Upon review of the complaint, the undersigned dismisses the complaint for failure to comply with the pleading standards described above and for other deficiencies described below. However, plaintiffs will be granted leave to file an amended complaint.

A. Plaintiffs' Allegations

Plaintiffs have sued a state agency — the "State of California Department of Insurance," (the "Department") — and individual defendants alleged to be employees and/or officials of the Department. Plaintiffs have also sued two private insurance companies, Nationwide Insurance ("Nationwide") and Allied Insurance ("Allied"), as well as some of their individual personnel. Plaintiffs allege three claims for relief: (1) violation of plaintiff Chepel's constitutional rights under 42 U.S.C. § 1983; (2) violation of plaintiff Rossoshanskaya's constitutional rights under 42 U.S.C. § 1983; and (3) violation of plaintiff Rossoshanskaya's Fourteenth Amendment "Due Process — Property" rights "in her state granted license as a hairstylist/barber." (Compl. ¶ 66.)
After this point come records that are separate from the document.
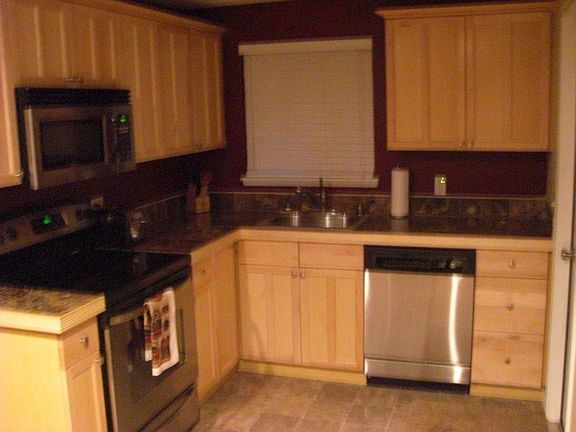 large kitchen with lots of cupoboard space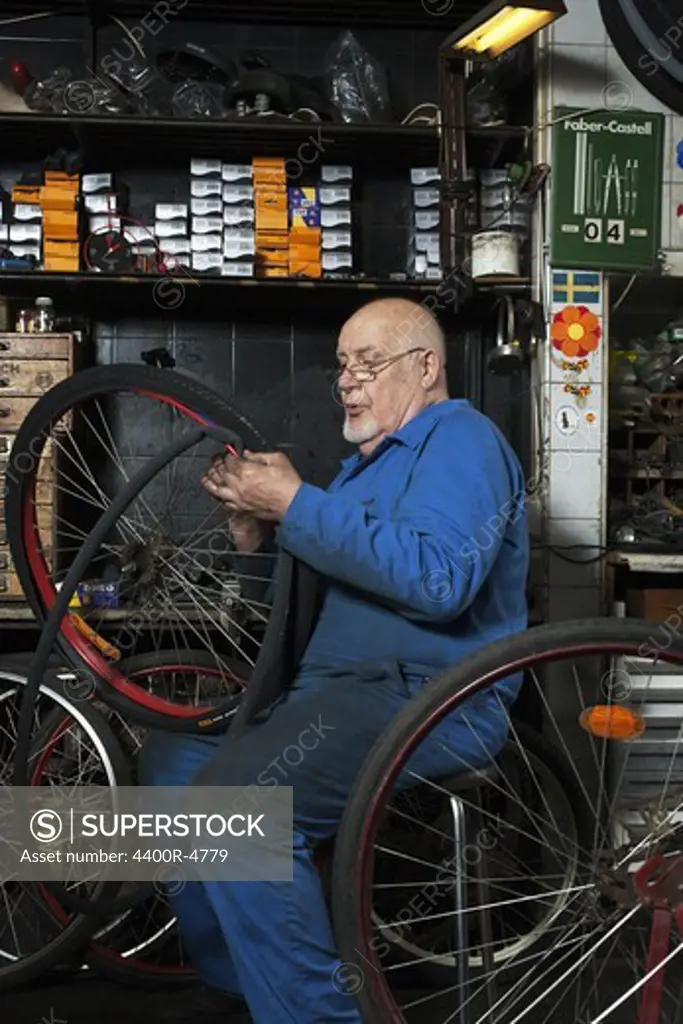 Senior man repairing tire at repairing shop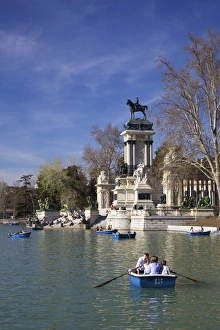 Rowing Prints: Boating on boating lake of El Estanque in spring sunshine, Parque del Retiro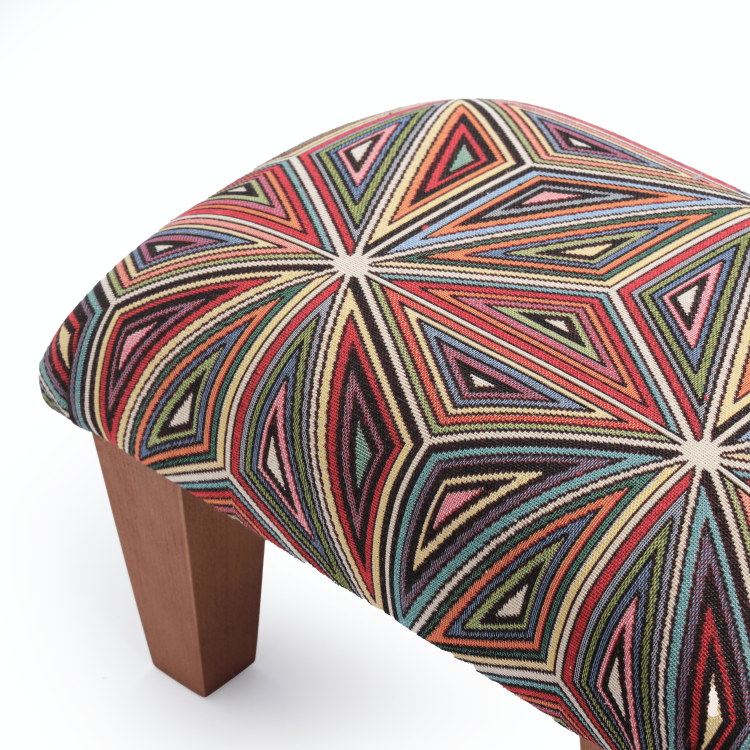 Armchair footstool in bright colours, a comfortable and decorative piece of furniture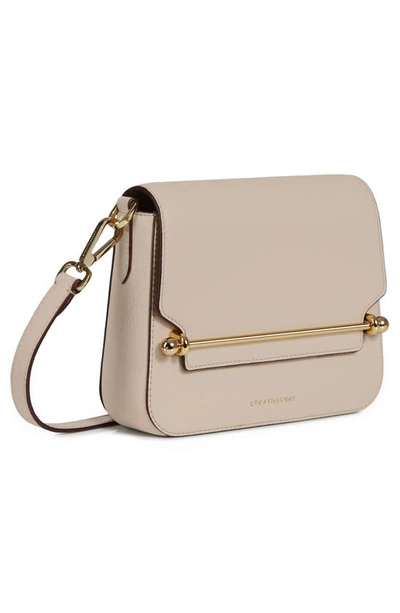 Shop Strathberry Ace Mini Leather Crossbody Bag In Oat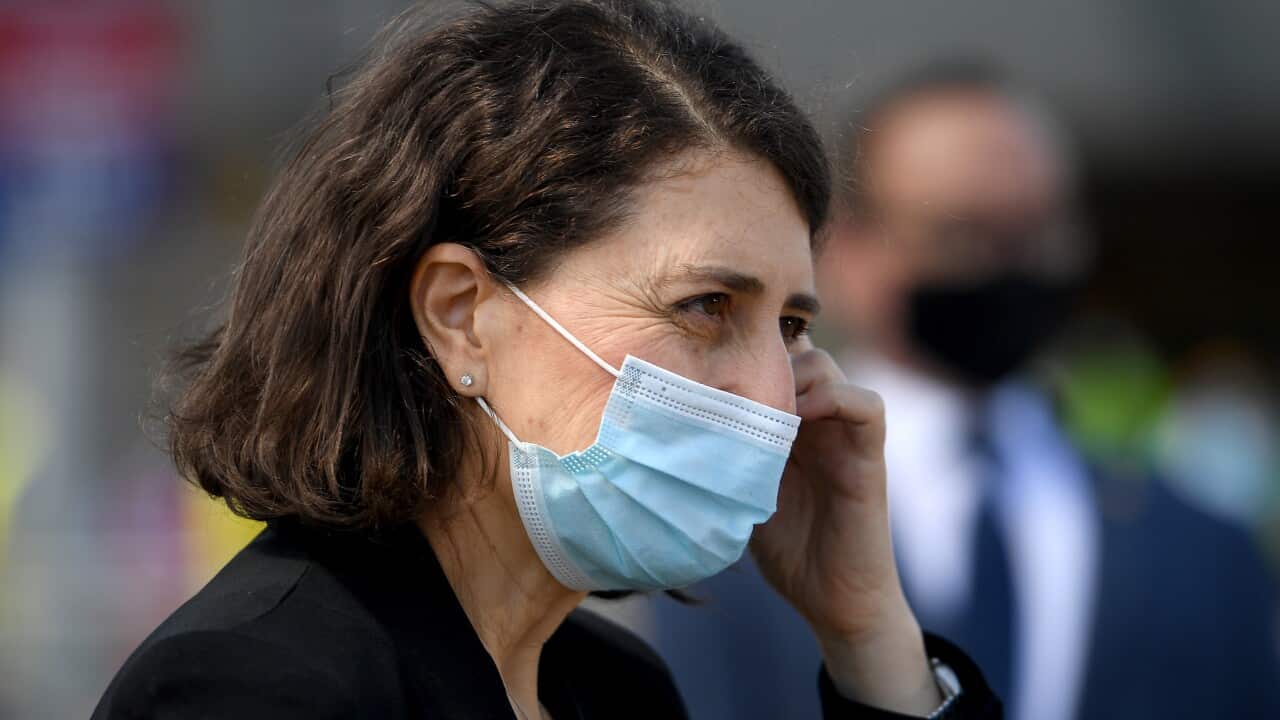 NSW Premier Gladys Berejiklian prepares to address media during a press conference outside the Covid Vaccination hub at Macquarie Fields, south west of Sydney, Friday, September 24, 2021. (AAP Image/Dan Himbrechts) NO ARCHIVING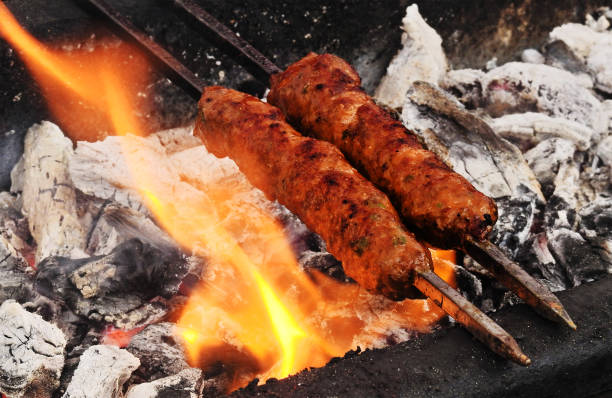 istock view of making mutton kababs or kebabs on coal fired arrangement 1871800619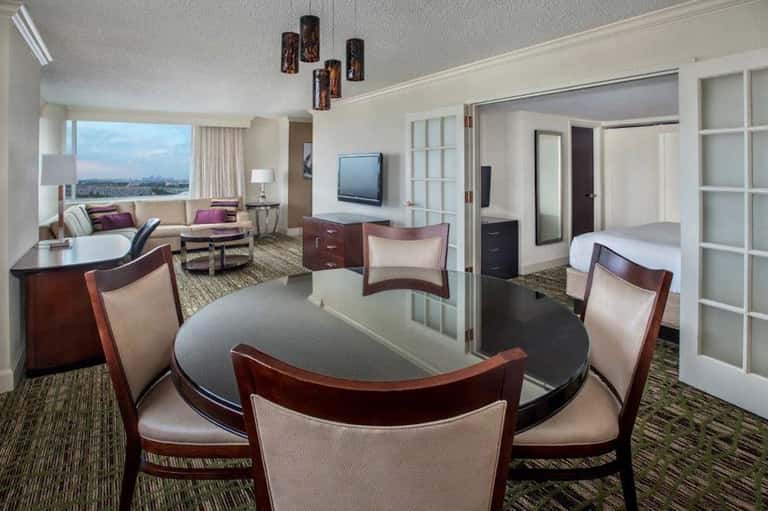 Luxury hotel suite with round dining table, living area, and city skyline view through floor-to-ceiling windows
Generally, plaintiffs' claims arise from their interactions with two private insurance companies following a car accident involving plaintiff Rossoshanskaya and another driver, Yuliya Goga. (Compl. ¶¶ 17-44.) Plaintiffs allege that, following the accident, they made an insurance claim with their own insurance provider, Nationwide. (Id. ¶¶ 32-35.) Plaintiffs allege that Nationwide has discriminated against them "because of their Russian Heritage." (Id.) This alleged discrimination occurs through "stall[ing], harass[ing], drag[ging] their feet, [and] blackmail[ing]" plaintiffs in the insurance claims process. (Id.) Plaintiffs allege that the other driver's insurance provider, Allied, also discriminated against plaintiffs in the same fashion and because of their Russian heritage. (Id.) Plaintiffs allege that Nationwide and Allied "are running a scam" (id. ¶ 35) on them by requiring unidentified "claimants" to "prove their relationship" with plaintiff Rossoshanskaya and by "refusing to determine liability" (id. ¶ 25) for the car accident in a timely fashion.
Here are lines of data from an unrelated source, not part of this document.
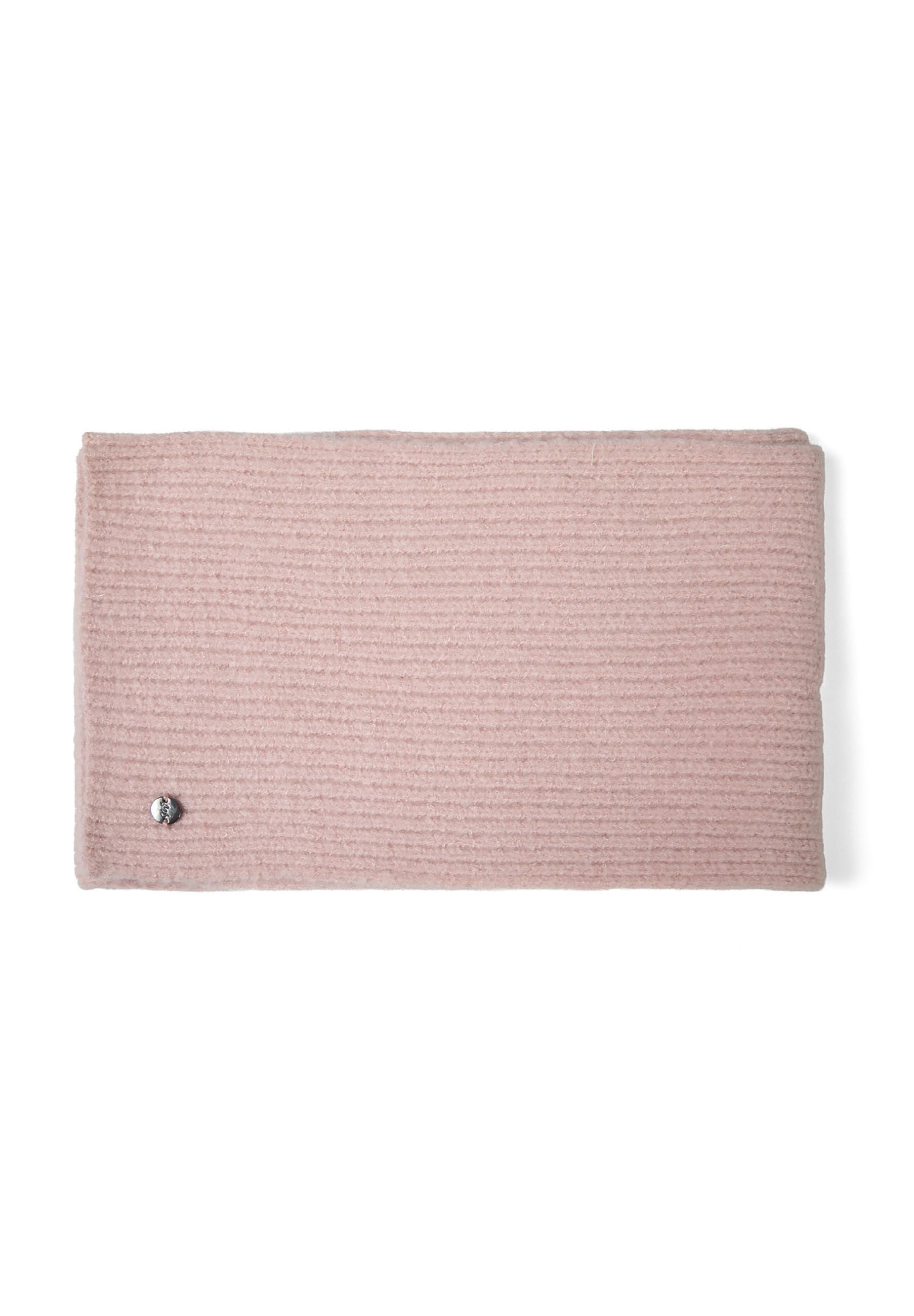 Detail of a pink ribbed knit hat with a soft pompom and metal badge.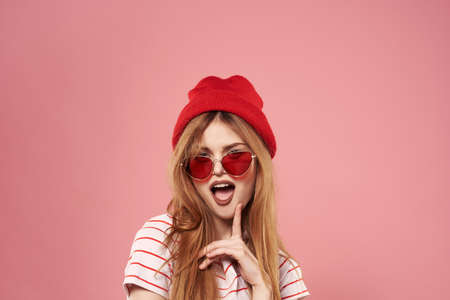 Cheerful glamorous woman lifestyle luxury charm pink backgroundの写真素材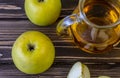 Green apples and jug with glass with apple juice on wooden background Royalty Free Stock Photo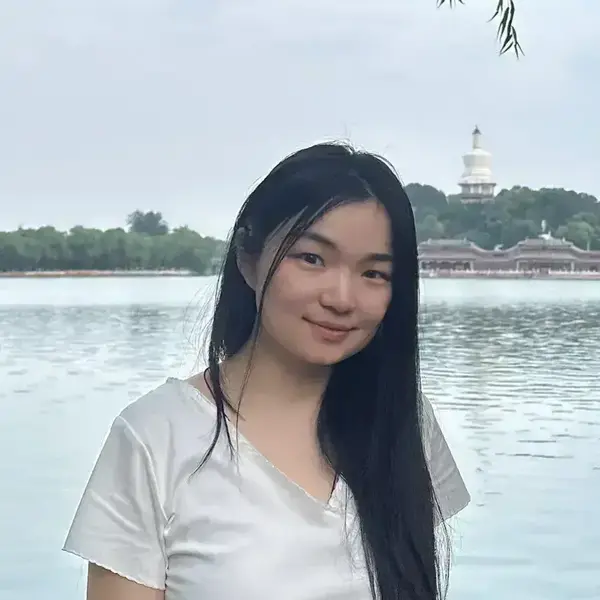 Young Asian woman in white smiles by Beihai Park lake. The White Dagoba and ornate pavilions rise on the hill.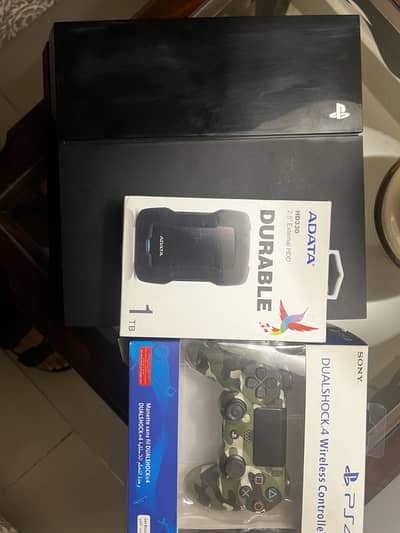 PS4 Fat 500GB with original controller 1TB HDD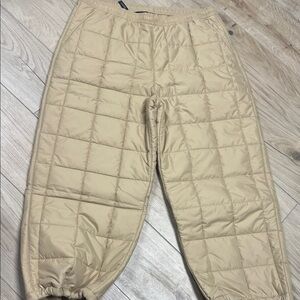 The North Face Women's Lhotse Pants in the "Khaki Stone" colorway.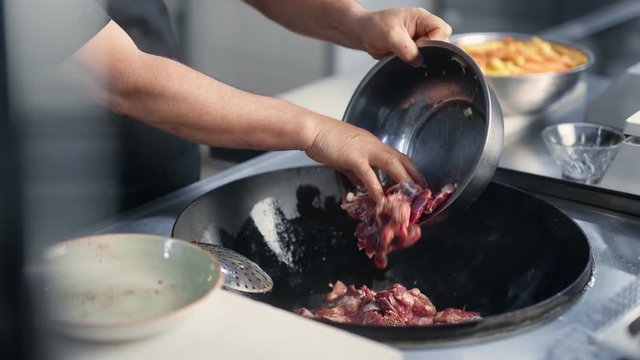 Male chef hands adding raw meat to frying pan cooking at restaurant. Close up shot on 4k RED camera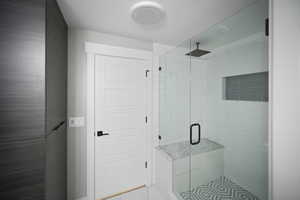Bathroom with tile patterned floors and a shower stall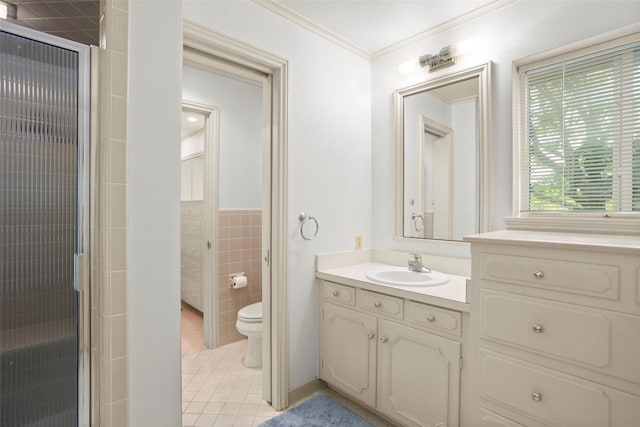 bathroom featuring tile patterned flooring, toilet, a stall shower, tile walls, and vanity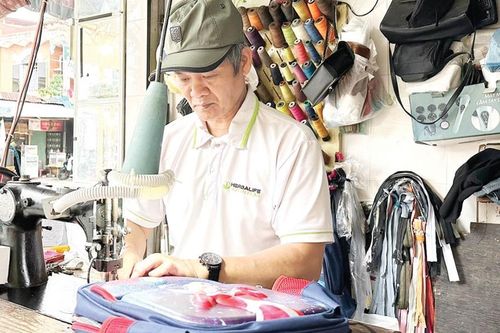 Bác Hòa sửa ba lô cũ...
Plaintiffs also allege that they "complained to the Defendant the California Department of Insurance" about alleged discrimination by Allied and Nationwide. (Id. ¶ 39-44.) Plaintiffs allege that the Department, and its "agent Mr. Craig Witt," have "ignored the Plaintiffs' complaints by stating that they cannot do anything. . . ." (Id. ¶ 40.) Plaintiffs allege that, "[b]y ignoring the complaints of [p]laintiffs," the Department and its personnel Craig Witt and Dave Jones necessarily "condone the action of the other defendants and are therefore just as guilty of [d]iscrimination." (Id. ¶ 41.) Plaintiffs also allege that the Department "ignore[d]" their complaints because they "belong to the same Mafia as the Defendant Insurance Companies." (Id. ¶ 43.) Aside from "ignoring" plaintiffs' complaints about Allied and Nationwide, plaintiffs also allege that the Department "promulgated the policies and plans and conducted the training which manifests a deliberate indifference to . . . the constitutional rights of . . . Plaintiff[s]." (Id. ¶ 51.)
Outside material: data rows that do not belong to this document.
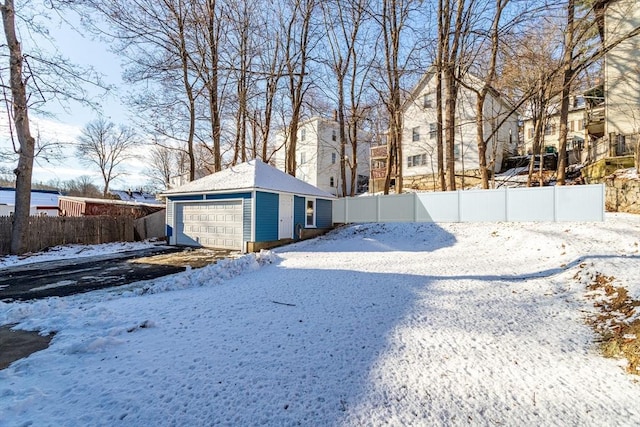 yard layered in snow with a garage and an outdoor structure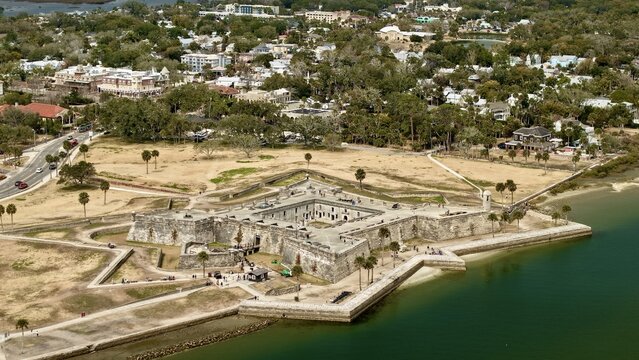 Aerial view of Castillo de San Marcos, a historic fort, stands resolute against the emerald waters, juxtaposed with the city's quaint charm, St. Augustine, Florida, United States.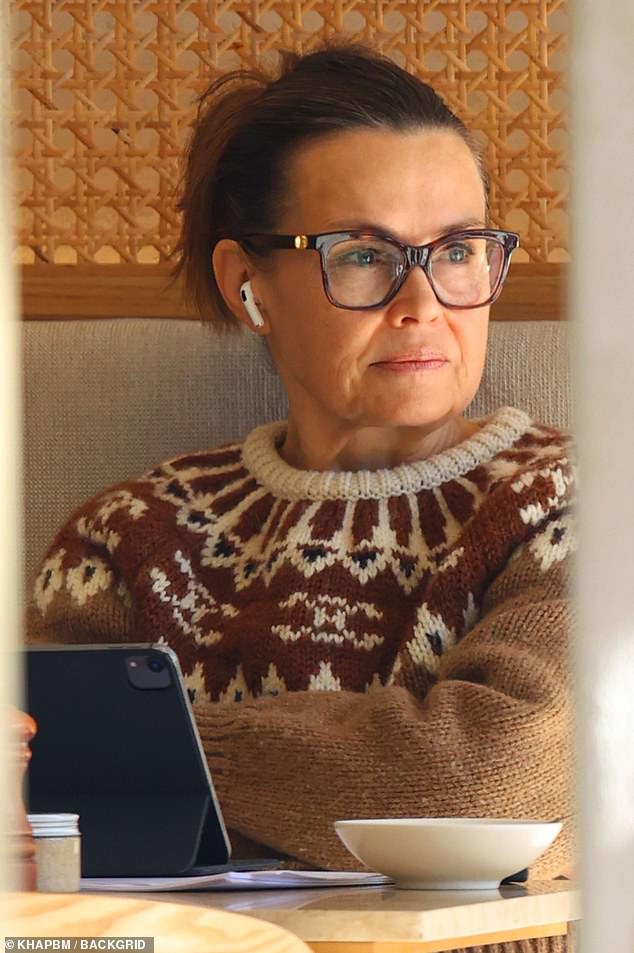 Lisa Wilkinson appears at a coffee shop on Wednesday wearing a $1,600 Celine sweater.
Plaintiffs allege that this court has original jurisdiction over this case because plaintiffs allege a violation of 42 U.S.C. § 1983. (Id. ¶ 2.) Plaintiffs also allege that this court has supplemental jurisdiction over their other claims by virtue of 28 U.S.C. § 1367. (Id. ¶ 3.)

Plaintiffs each seek $25,000,000.00 in special and exemplary damages. (Id. at 12.) Plaintiffs also seek general and punitive damages, as well as fees and costs. (Id.) Plaintiffs do not seek injunctive relief. (Id.)

B. Eleventh Amendment Immunity Bars Plaintiffs' Claims Against The Department And Its Personnel Named In Their Official Capacities

As described below, because of the immunity from suit provided by the Eleventh Amendment to the United States Constitution, plaintiffs may not proceed with a federal suit for money damages claims against the Department, or its employees sued in their official capacities.

i. The Department

Plaintiffs seek damages arising from three claims. The first and second claims against the Department are expressly pursuant to 42 U.S.C. § 1983. (Compl. at 8-10.) Plaintiffs' third claim against the Department alleges a violation of the Fourteenth Amendment and thus also implicates 42 U.S.C. § 1983. Eleventh Amendment immunity bars all three of these claims against the Department in this case.

Plaintiffs do not seek injunctive relief. (See Compl. at 12.)

Plaintiffs' third claim for relief alleges that all defendants, including the Department, violated plaintiff Rossoshanskaya's Fourteenth Amendment right to property "in her state granted license as a hairstylist/barber" (Compl. ¶ 66). Specifically, plaintiffs allege that all defendants violated plaintiffs' "Due Process — Property" rights secured by the Fourteenth Amendment to the United States Constitution and, as a result, 42 U.S.C. § 1983. (Compl. at 11.) However, the Fourteenth Amendment does not create a direct cause of action. Hughes v. Bedsole, 48 F.3d 1376, 1383 n. 6 (4th Cir. 1995). Instead, § 1983 provides a statutory cause of action for all citizens injured by an abridgment of the protections contained in the Constitution, including the Equal Protection and Due Process Clauses of the Fourteenth Amendment. Collins v. City of Harker Heights, Tex., 503 U.S. 115, 119-20 (1992); Engquist v. Oregon Dep't of Agric., 553 U.S. 591, 611 (2008) (reiterating that "§ 1983 provides a cause of action for all citizens injured by an abridgment of [the] protections" found in the "Due Process Clauses of the Fourteenth Amendment, and other provisions of the Federal Constitution").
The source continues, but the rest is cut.